Gestern hat Sachverständiger und Berater Dr. Götz Loos das von unserer Fraktion in Auftrag gegebene Gutachten vorgestellt. Herr Loos hat sich intensiv mit den klimatischen und ökologischen Bedingungen Unnas beschäftigt und ist dabei auf viele Besonderheiten gestoßen. Wie auch schon im seinem Zwischenbericht prognostiziert, gibt es für Unna zwar keine Bäume denen Unna einen perfekten Standort bieten kann, dennoch gibt es Bäume, die mit unserem spezifischen Klima besser umgehen können.
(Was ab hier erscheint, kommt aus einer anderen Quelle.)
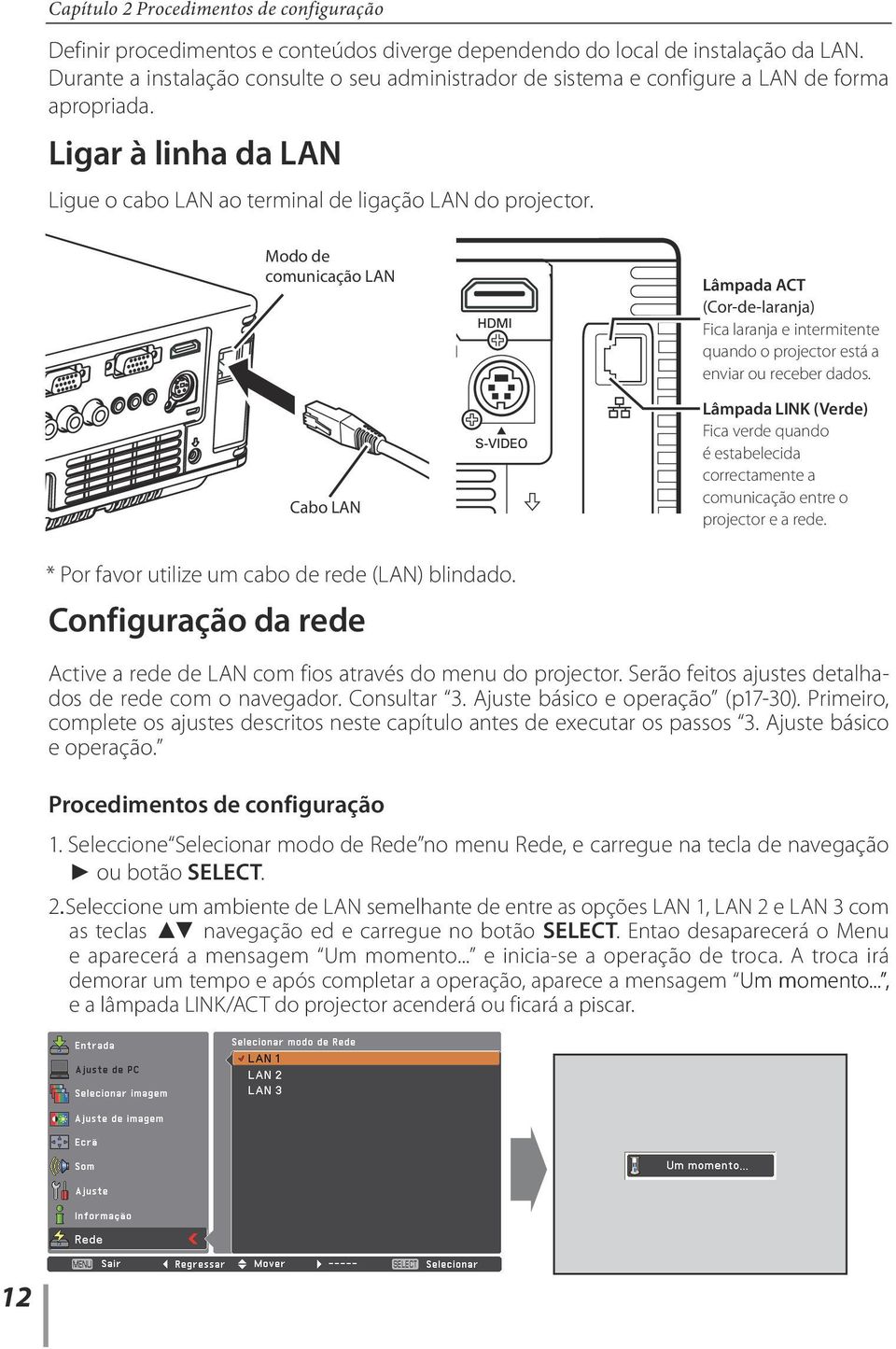 Modo de comunicação LAN Cabo LAN Lâmpada ACT (Cor-de-laranja) Fica laranja e intermitente quando o projector está a enviar ou receber dados.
Das Modul ist unterteilt in 5 Listen:

Liste 1:  Traditionell gepflanzte und spontan auftretende Stadtbäume Unnas generell heimischer Herkunft

Liste 2:  Traditionell gepflanzte Stadtbäume Unnas nicht heimischer Herkunft

Liste 3: Nicht-heimische „Zukunftsbäume“ für Unna mit großflächiger Pflanzoption

Liste 4: Nicht-heimische „Zukunftsbäume“ für Unna mit lokaler Pflanzoption

Liste 5: Nicht-heimische Bäume mit eigenständiger Ausbreitung

Wir haben es in dem Gutachten also auch mit einer Analyse zu tun, welche Bäume in Unna heimisch sind und welche sich in den letzten Dekaden neu angesiedelt hat, inklusive einer Analyse, wie gut diese Bäume in das Stadtgebiet passen. Das Gutachten bietet dazu auch eine Einschätzung inwieweit die Stadt von gewissen Arten profitiert oder Nachteile hat.

Mit den vorliegenden Listen ist der erste Schritt getan, um ein Konzept zu Unnas Bäumen zu entwickeln, das multifunktional ausgerichtet sein sollte. Nun kann man konkret nach Gebieten suchen, wo Bäume gepflanzt werden sollten; man kann Gebiete aufsuchen, wo Bäume geschützt werden sollten. Und die Einbeziehung weiterer Akteure, nämlich zunächst der Bevölkerung, wäre sinnvoll. Erste Schritte sind gemacht, aber es braucht noch mehr Resonanz.

Für weitere Module des Konzeptes sollen deshalb einige Fragen gestellt werden – über das, was zu tun ist, nämlich:

  • Was können Stadtbäume für BürgerInnen leisten und was können BürgerInnen für Stadtbäume leisten (dabei auch: Welchen Nutzen haben Stadtbäume für BürgerInnen noch außer klimatischen Begünstigungen?)
  • Welchen konkreten Beitrag liefern Stadtbäume für den Schutz der Biodiversität?
  • Welche Effekte und Anschlusswirkungen haben Stadtbäume hinsichtlich der Bäume in der freien Landschaft?
  • Welche Verhältnisse und Wirkungen weisen Stadtbäume auf im Hinblick auf das weitere Stadtgrün (gepflanzt und spontan) und Bestrebungen zum Urban Gardening?

Dies sind einige Fragen; natürlich sollen noch mehr Fragen gefunden und beantwortet werden. Deshalb erhoffen wir eine Beteiligung möglichst vieler Betroffener – der Bürgerinnen und Bürger, denn sie sind ja von den Bäumen in ihrer Stadt „betroffen“ – Dialoge und Mitmachaktionen sollen in Zukunft das Profil des Konzeptes zu Unnas Stadtbäumen und das „Grüne Band“ weiter schärfen.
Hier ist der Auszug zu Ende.